Une heure était passée. On avait insisté pour que je tente de taper à la batte; c'était donc ce que j'avais fait sans réussir à atteindre aucune balle. J'avais ensuite été mis de côté pour la deuxième heure avec l'ordre « d'apprendre en regardant ».

- Attention ! s'écrièrent soudainement plusieurs voix.

Automatiquement, je tournai la tête en direction des cris et d'en l'air, je vis un objet ovale arriver à toute vitesse sur moi. Ce fut presque inné, je plaçai mes mains en coupe et réceptionnai aisément le ballon de rugby quand il arriva contre mon torse. Je le renvoyai au mec, à plusieurs mètres qui courait vers moi et qui était d'ailleurs le mystérieux métisse aux faux yeux verts. Il n'avait plus tenté de venir me parler depuis, se contentant de traîner avec ses amis. Et c'était compréhensible ; je n'étais pas la meilleure compagnie qu'il pouvait trouver ici.

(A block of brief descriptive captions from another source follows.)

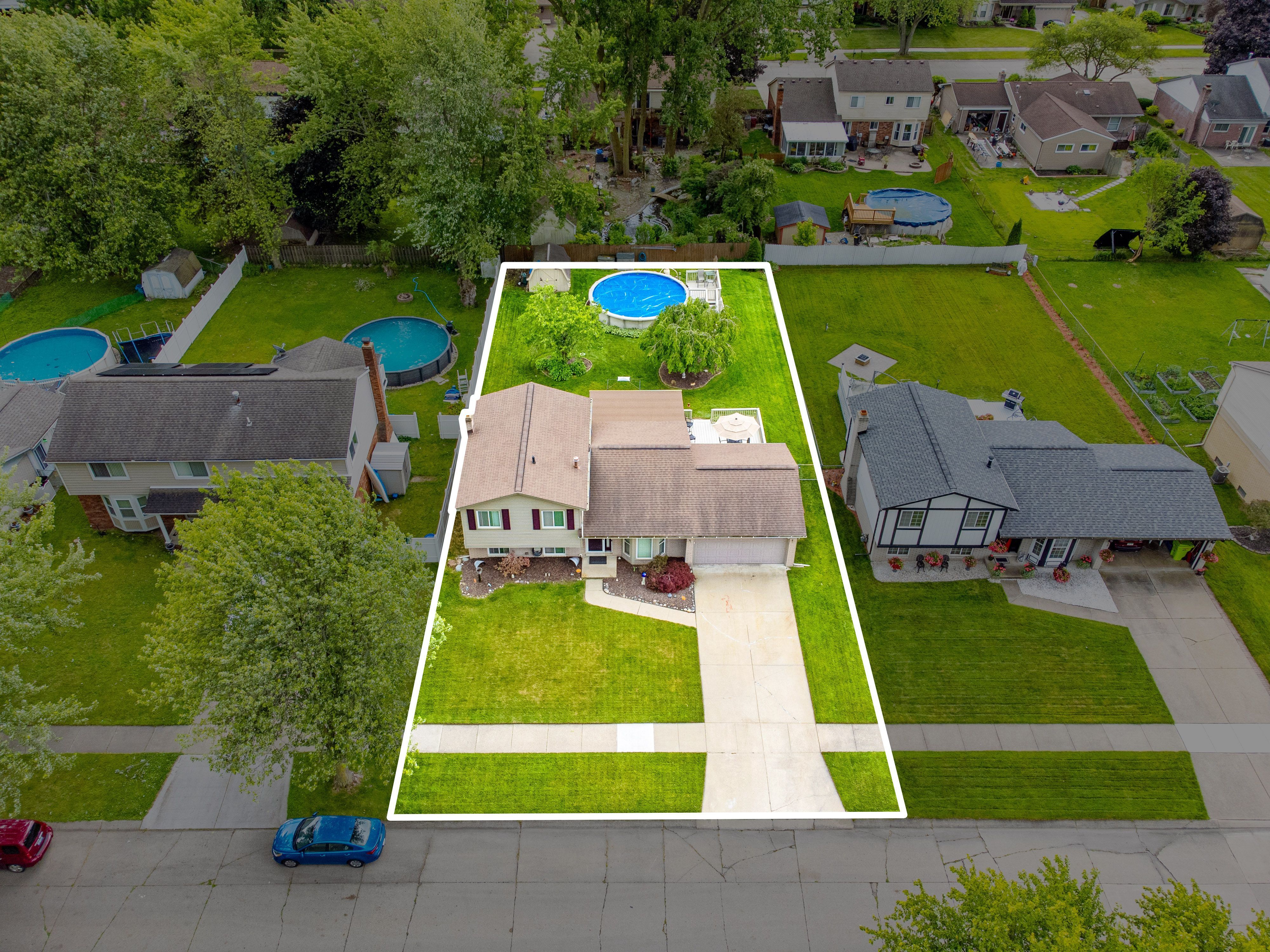 34552 Lakewood Drive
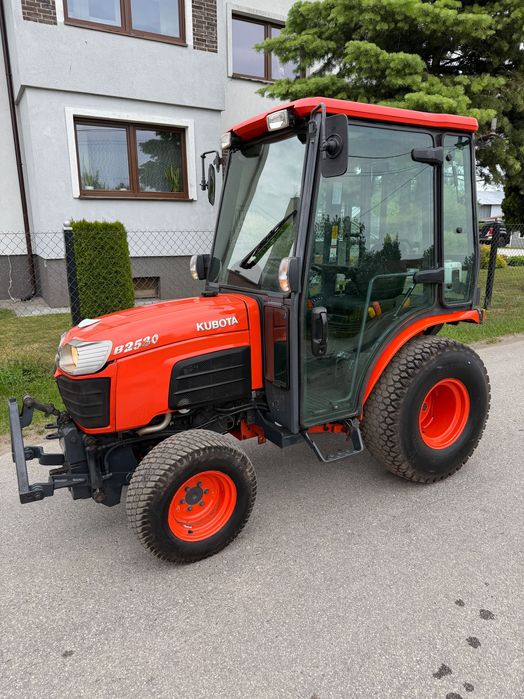 Ciągnik Kubota B2530 jak b2231 i stv tuż klima kosiarka tur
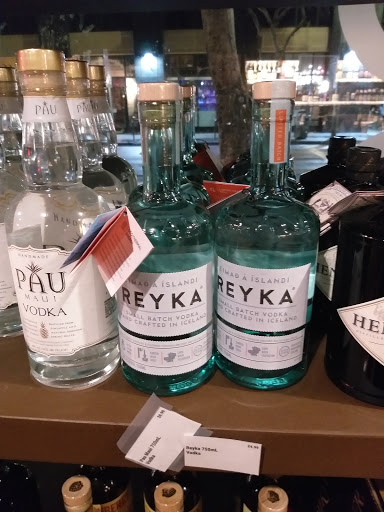 Bar «BUZZ wine beer bottleshop & bar», reviews and photos, 460 S Spring St, Los Angeles, CA 90013, USA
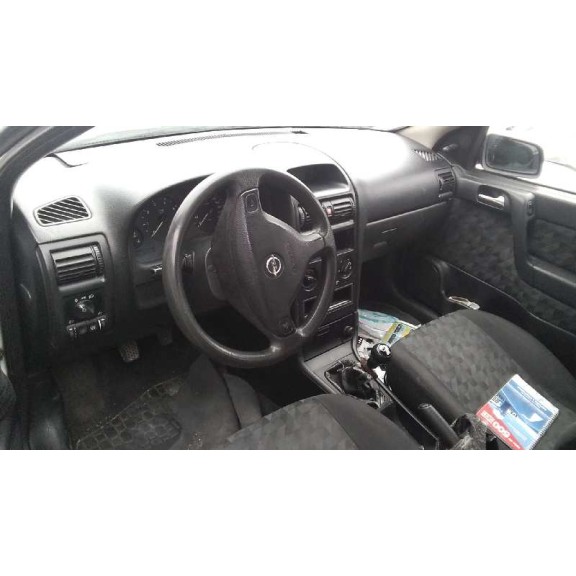 opel astra g berlina del año 2001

Quand il eût réceptionné son joujou, il me fixa avec un air étonné mais je n'y fis pas plus attention, me concentrant à nouveau sur les entraînements de base-ball en face.

- Attrape ! l'entendis-je me dire.

Je tournai à nouveau la tête vers lui. Il avait déjà relancé le ballon, celui-ci me fonçait à nouveau dessus avec une précision remarquable et une force impressionnante. Je me relevai et le récupérai en l'air tandis que le mec me rejoignait déjà. Il arriva essoufflé, tout transpirant, mais avec un énorme sourire qui en disait long.